The rest of the week is kind of blurry. I do vaguely remember telling my brother, housemate of three years now, that he needs to be a big boy and leave the nest. He is supposed to be out by the middle of November (it's so far out because he is going to be in Europe for three of those months). I'll be sad and happy to see him go. Nicholas also has been a source of conflict. We were at the store a few days ago, who knows when, when he picked up a foam water float and used it like a gun. Complete with sound effects and pointed at other hapless customers. This must be ingrained into little boys because we don't have anything resembling a gun in the house and I don't think the feature guns on Blue's Clues. There is no telling where this came from, but it was certainly unexpected.

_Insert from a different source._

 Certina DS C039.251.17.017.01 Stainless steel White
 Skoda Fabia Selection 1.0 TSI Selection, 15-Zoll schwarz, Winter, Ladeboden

I think I've blathered on long enough. Now to surf the internet and peek into other lives.
Thursday, June 16, 2005
I almost forgot to add that I aced my last test. Of course, it was expected as it is an introductory course . . . and we got to take the test home. It did take me all weekend and I messed up on one ambiguous question on heritability, but there were some people who failed - - - a TAKE HOME test. I wonder if they knew they were allowed to use the book ;).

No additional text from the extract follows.